For the second experiment, the perceptual bias could also indicate an adaption-like effect. Each participant only saw three out of the four extreme faces (A1, A5, B1, B5) during the acquisition phase and might have adapted to these images. Consequently, the perception of the neutral face in the normal sequence would be biased away from the seen face and toward the unseen face. Multiple studies have shown this kind of aftereffect for faces. For example, faces are perceived as distorted in a direction opposite to the adapting distortion (
Webster & MacLin, 1999), or gender perception of previously ambiguous faces is biased away from the adapting gender (
Webster, Kaping, Mizokami, & Duhamel, 2004). Thus, this alternative explanation cannot be completely ruled out. However, in all these (and other adaption studies), the presentation duration of the adaptation stimulus was much longer (mostly several seconds to minutes) with additional repetitions (again often several seconds) before each test trial. In comparison, in our study, the presentation times were well below a second and the potential adaptation was also not repeated in the test phase.

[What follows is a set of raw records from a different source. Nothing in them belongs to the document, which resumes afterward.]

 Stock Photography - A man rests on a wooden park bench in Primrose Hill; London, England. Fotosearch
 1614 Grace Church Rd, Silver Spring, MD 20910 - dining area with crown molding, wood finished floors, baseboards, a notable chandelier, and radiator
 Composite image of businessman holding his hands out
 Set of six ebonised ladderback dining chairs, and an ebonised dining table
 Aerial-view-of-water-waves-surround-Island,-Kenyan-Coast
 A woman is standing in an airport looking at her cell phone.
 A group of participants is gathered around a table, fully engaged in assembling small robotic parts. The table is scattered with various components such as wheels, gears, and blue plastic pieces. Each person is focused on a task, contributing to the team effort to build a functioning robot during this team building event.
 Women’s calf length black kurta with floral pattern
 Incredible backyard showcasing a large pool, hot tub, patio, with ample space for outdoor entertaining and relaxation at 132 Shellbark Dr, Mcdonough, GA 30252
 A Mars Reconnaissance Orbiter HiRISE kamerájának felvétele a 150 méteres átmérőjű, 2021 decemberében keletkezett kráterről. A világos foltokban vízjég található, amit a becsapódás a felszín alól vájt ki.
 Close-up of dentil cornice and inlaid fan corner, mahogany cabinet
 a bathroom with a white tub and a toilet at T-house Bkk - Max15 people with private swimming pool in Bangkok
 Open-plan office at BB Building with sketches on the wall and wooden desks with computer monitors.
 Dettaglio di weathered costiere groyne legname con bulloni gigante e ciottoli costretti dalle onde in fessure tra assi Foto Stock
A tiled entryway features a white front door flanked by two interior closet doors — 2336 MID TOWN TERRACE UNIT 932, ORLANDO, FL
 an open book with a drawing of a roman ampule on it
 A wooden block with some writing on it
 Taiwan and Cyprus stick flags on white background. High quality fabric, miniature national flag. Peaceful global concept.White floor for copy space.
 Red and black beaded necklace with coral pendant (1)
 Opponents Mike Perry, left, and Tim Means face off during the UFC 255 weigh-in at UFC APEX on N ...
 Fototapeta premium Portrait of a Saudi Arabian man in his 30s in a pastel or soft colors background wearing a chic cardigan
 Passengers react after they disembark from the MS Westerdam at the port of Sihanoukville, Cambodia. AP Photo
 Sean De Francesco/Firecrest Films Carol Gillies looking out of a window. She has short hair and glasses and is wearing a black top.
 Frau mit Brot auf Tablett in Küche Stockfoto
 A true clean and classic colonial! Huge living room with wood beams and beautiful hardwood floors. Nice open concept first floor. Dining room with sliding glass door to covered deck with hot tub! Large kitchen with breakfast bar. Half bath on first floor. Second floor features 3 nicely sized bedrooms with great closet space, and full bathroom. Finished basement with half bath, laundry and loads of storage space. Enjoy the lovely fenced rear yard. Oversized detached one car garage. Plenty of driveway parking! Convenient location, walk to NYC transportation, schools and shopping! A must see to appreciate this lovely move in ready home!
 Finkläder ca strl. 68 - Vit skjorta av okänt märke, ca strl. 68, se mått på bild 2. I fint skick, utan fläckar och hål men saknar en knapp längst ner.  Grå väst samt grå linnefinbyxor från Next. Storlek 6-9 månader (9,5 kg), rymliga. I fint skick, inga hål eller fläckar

Leopold, Rhodes, Müller, and Jeffery (2005) could show that face identity aftereffects increase logarithmically with adaptation time, although their adapting times ranged from 1 to 16 s. It is therefore unlikely that our short presentation times led to an adaptation effect. Furthermore, studies with transsaccadic changes of object size with only a “swapped” object could also show a recalibration of perception toward the postsaccadic foveal association (
Valsecchi et al., 2020;
Valsecchi & Gegenfurtner, 2016).
Taken together, the visual system was able to learn or update multiple new transsaccadic associations for complex and more realistic stimuli within a short time frame. Predictions based on these associations were integrated presaccadically with the actual peripheral input resulting in a biased perception. This demonstrates that the human brain constantly keeps track of certain statistics of our environment to make accurate predictions about our surroundings. Of course, the stimuli used in the present experiments were far away from depicting natural scenes, but still, these complex stimuli are a step closer to realistic everyday objects. Therefore, our findings might be taken as a first tentative hint to the functional relevance of this transsaccadic prediction mechanism outside the laboratory.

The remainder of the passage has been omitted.